Thankfully for him, WPI added $3,700 to his scholarship package. But not all college students are so lucky.

The number of college students seeking additional aid at private and public institutions is growing rapidly in the face of family layoffs, battered savings and stock market accounts, and more bankruptcies brought on by the deep recession. And schools with dwindling endowments are sifting through more requests for more money than in years past.

“This is going to be a year like none other that we’ve ever seen,” said Clantha McCurdy, vice chancellor at the Massachusetts Office of Student Financial Assistance.

McCurdy said there are no statewide records on re-evaluation applications – petitions by students seeking another run at financial aid – but that financial aid offices are seeing “huge increases” in requests.

Financial counselors at the University of Massachusetts-Boston are encountering two petitions per day, up from two per month last year.

Requests at Bridgewater State College climbed to 86 from 56 at this point last year, a 65 percent increase. Though the re-evaluations involve only a small number of the 6,000 Bridgewater students receiving help this year, financial aid director Janet Gumbris said the increase was atypical.

Since September, more than 75,000 Massachusetts workers have lost their jobs, according to the Executive Office of Labor and Workforce Development.

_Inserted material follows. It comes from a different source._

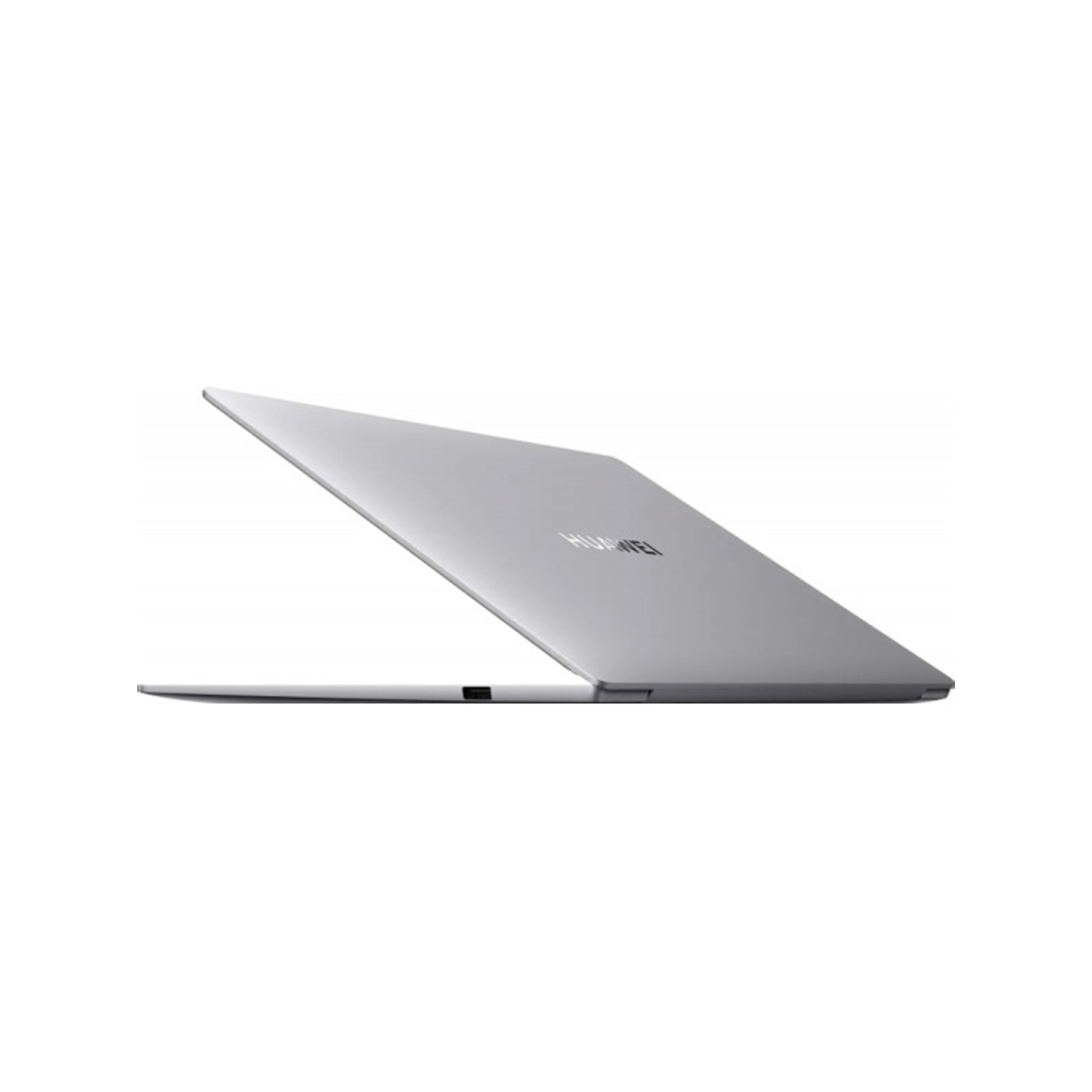 Ноутбук Huawei MateBook 14 (53014QLJ) [14.2", Ultra 5 155H, 32 ГБ ОЗУ, 1 ТБ SSD, DOS]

The state’s 7.8 percent unemployment rate – representing 265,900 people – is at its highest level since 1993.

McCurdy said her office is getting four times as many calls than previous years, and she urges her staff to spend extra time with parents to explain their options, including reapplying for more state grants.

Reggie Harge, a program manager at the TERI College Planning Center in Boston, said he’s heard more questions about financial aid re-evaluations this year than at any time in his 13 years at TERI, a national organization that serves 8,000 students annually at its offices in Boston and Brockton.

“The economy is doing us a favor in one sense, in that it’s bringing more clients,” Harge said. “But it’s unfortunate the economy is having that kind of impact on students. It breaks our heart to hear these stories.”

This year the federal financial aid form, or FAFSA, includes a question about displaced workers, which has helped keep colleges informed from the start about hardships, Harge said.

But for students whose financial situation changes after they submit the form, the next step is normally a letter or e-mail sent to the school where they are requesting more aid. The school will then ask for more details to verify the situation, such as unemployment checks or court bankruptcy papers.

Private colleges have also seen a spike in re-evaluation requests, though not as drastic as those at public schools.

Stonehill College, which has experienced a 20 percent jump in financial aid requests from incoming freshmen, has also seen a 10 percent hike in requests for re-evaluation, as compared to fall 2008. Still, only 29 out of 3102 financial aid applicants there seeking more money cited job loss in the family, said Eileen O’Leary, the school’s financial aid director.

Private schools are seeing smaller percentage jumps in such re-evaluation requests because overall they give more aid to students based on their higher tuition, said Richard Doherty, president of the Association of Independent Colleges and Universities in Massachusetts.

“Most of our schools are residential,” Doherty said, “so the conversation between counselors and students is more straightforward, it’s a more personal experience.”